Give again, exactly and without pictures, the lines running from the line with "Set of four" to the end of the records below.

Image-text web data:
§

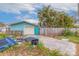 Detached garage with a large driveway, needs some landscaping at 120 80Th N Ave, St Petersburg, FL 33702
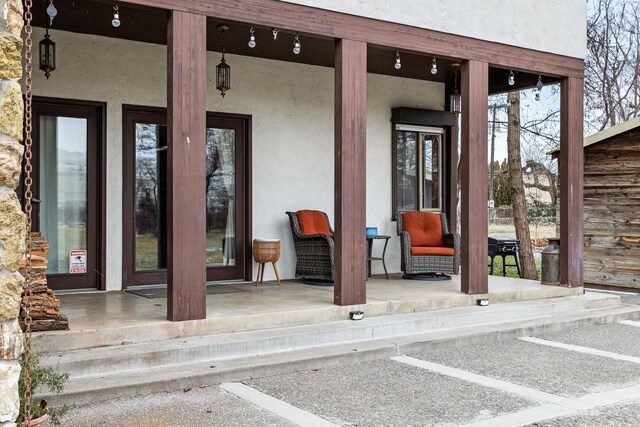 view of exterior entry featuring stucco siding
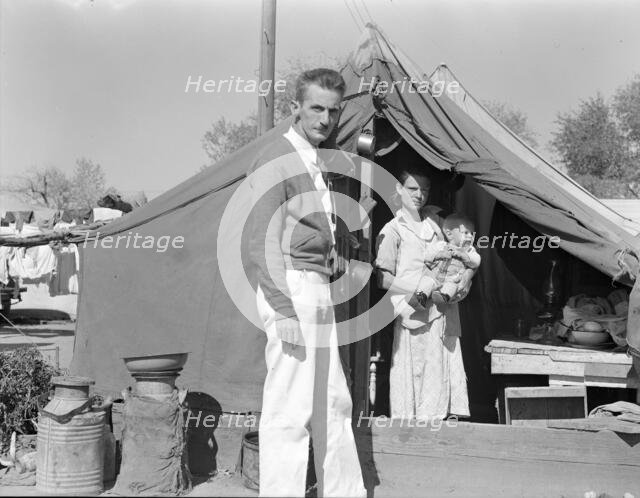 Tom Collins, manager of Kern migrant camp, California, with migrant mother and child, 1936. Creator: Dorothea Lange.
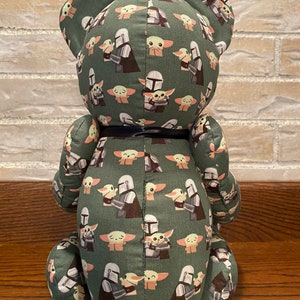 Puede incluir: Oso de peluche verde con un patr&oacute;n repetido de un personaje mandaloriano sosteniendo un beb&eacute; Yoda. El oso tiene una cinta negra alrededor del cuello.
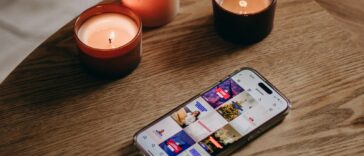 a cell phone sitting on top of a wooden table
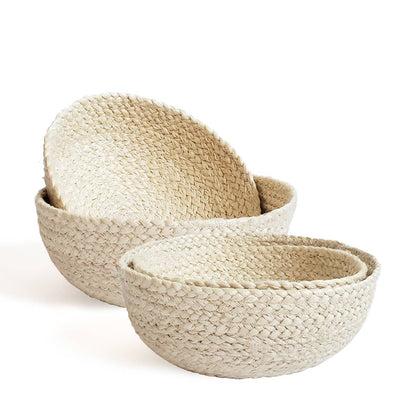 Set of four woven bowls on a white background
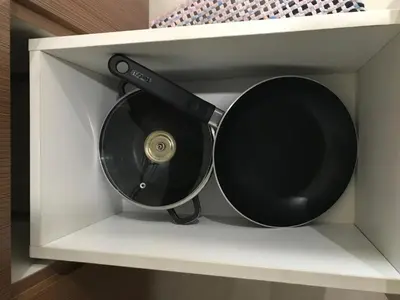 a black cd in a white shelf at One Palm Tree Apartments in Manila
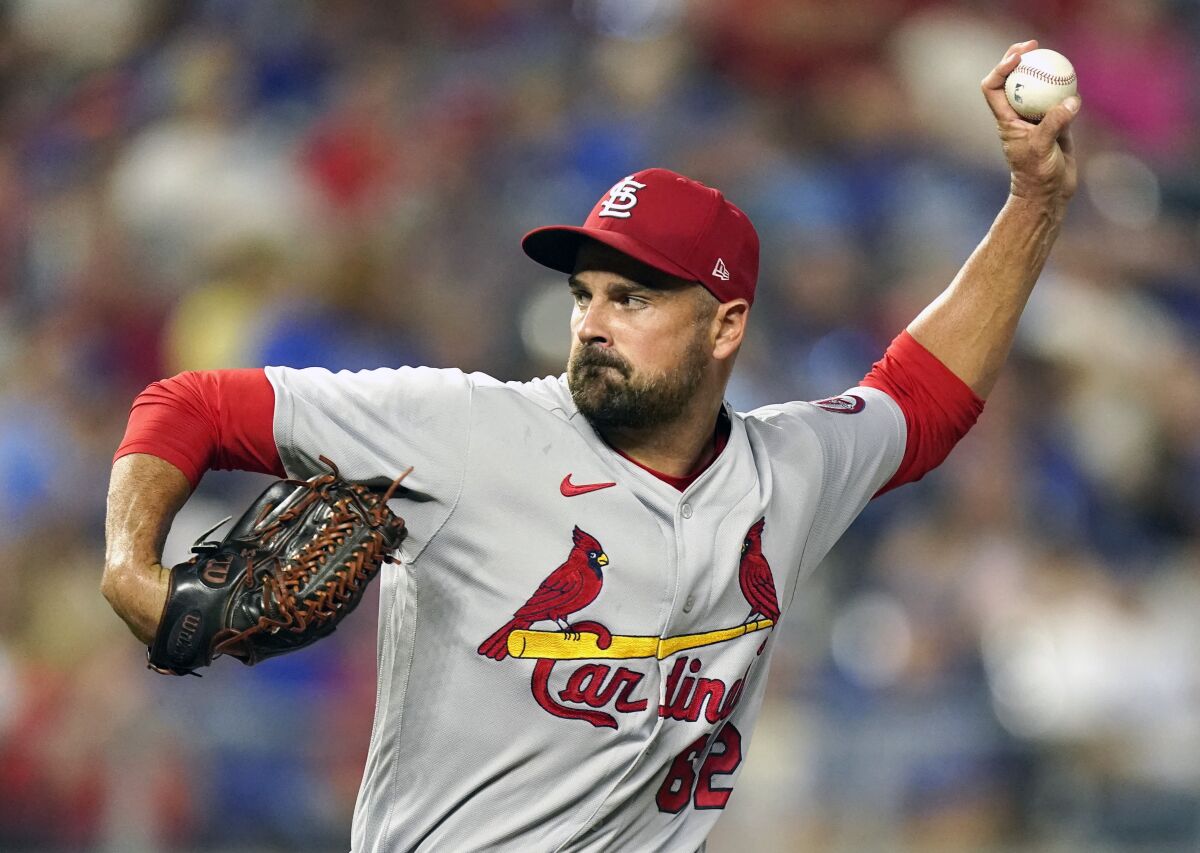 FILE - St. Louis Cardinals relief pitcher T.J. McFarland throws during the seventh inning of a baseball game against the Kansas City Royals, Friday, Aug. 13, 2021, in Kansas City, Mo. Left-handed reliever McFarland became the first of this year's major league free agents to reach an agreement, getting a one-year contract to stay with the Cardinals. (AP Photo/Charlie Riedel, File)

§

**Exercise solution**
 Set of four woven bowls on a white background
 a black cd in a white shelf at One Palm Tree Apartments in Manila
 FILE - St. Louis Cardinals relief pitcher T.J. McFarland throws during the seventh inning of a baseball game against the Kansas City Royals, Friday, Aug. 13, 2021, in Kansas City, Mo. Left-handed reliever McFarland became the first of this year's major league free agents to reach an agreement, getting a one-year contract to stay with the Cardinals. (AP Photo/Charlie Riedel, File)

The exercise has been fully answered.